What is needed. Word for word, reproduce all entries below, leaving every picture out.

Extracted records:

=-=-=

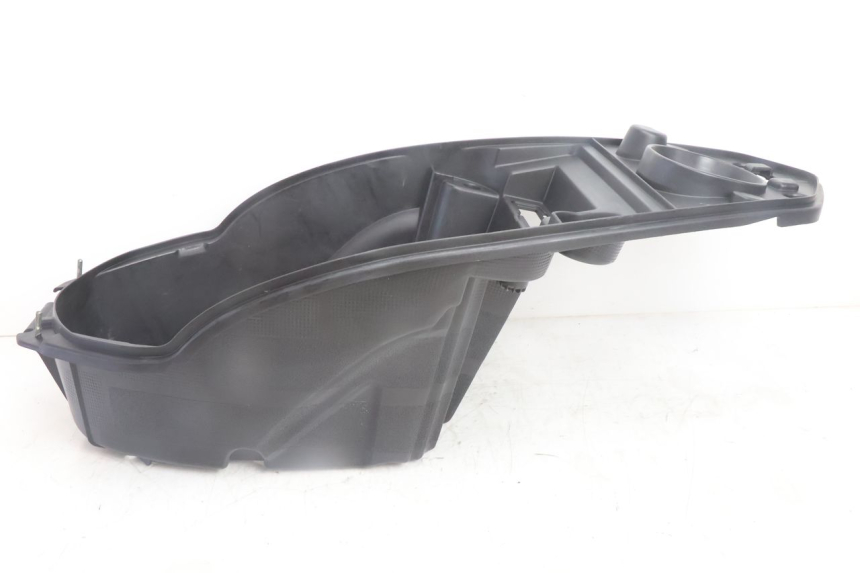 photo de COFFRE SELLE PEUGEOT STREETZONE NAKED 2T 50 (2014 - 2018) - Autre angle de vue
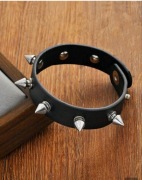 Bransoleta GOTH pieszczocha 1 rząd ćwieki kolce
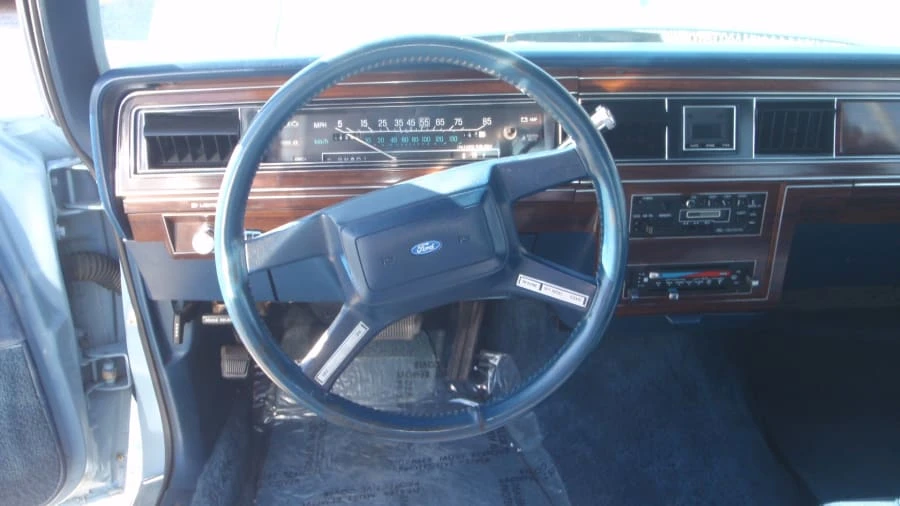 1987 Ford Crown Victoria - Image 16 of 21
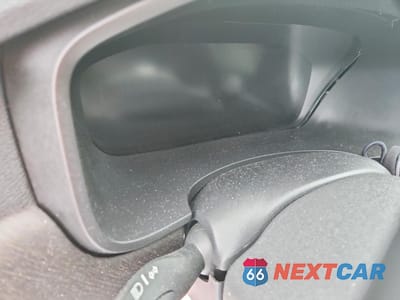 Zdjęcie 9 z 13 samochodu: 2019 VOLVO V90 CROSS COUNTRY T5 MOMENTUM VIN:YV4102NK0K1084714 - miniatura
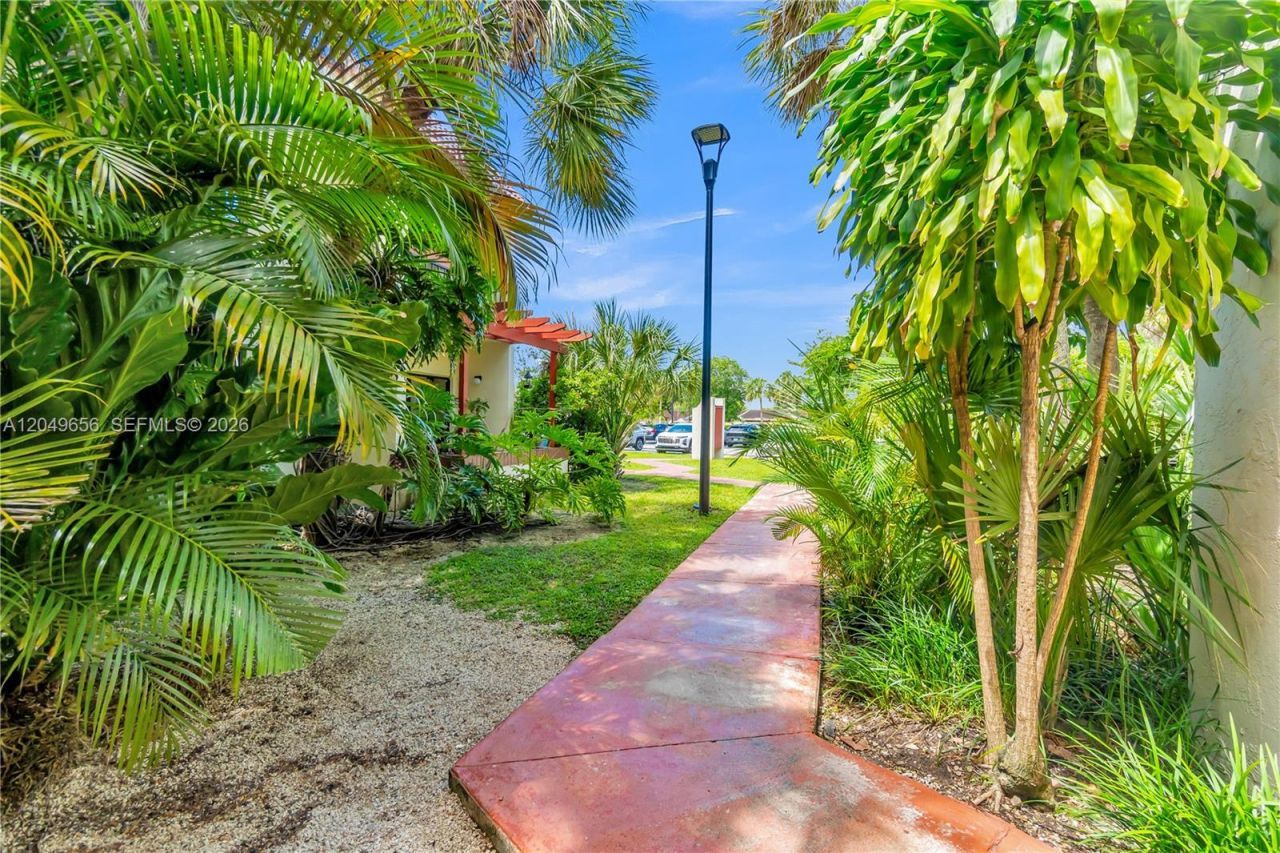 8660 SW 149th Ave , Unit 205, Miami, FL 33193 Photo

=-=-=

Written solution.
 photo de COFFRE SELLE PEUGEOT STREETZONE NAKED 2T 50 (2014 - 2018) - Autre angle de vue
 Bransoleta GOTH pieszczocha 1 rząd ćwieki kolce
 1987 Ford Crown Victoria - Image 16 of 21
 Zdjęcie 9 z 13 samochodu: 2019 VOLVO V90 CROSS COUNTRY T5 MOMENTUM VIN:YV4102NK0K1084714 - miniatura
 8660 SW 149th Ave , Unit 205, Miami, FL 33193 Photo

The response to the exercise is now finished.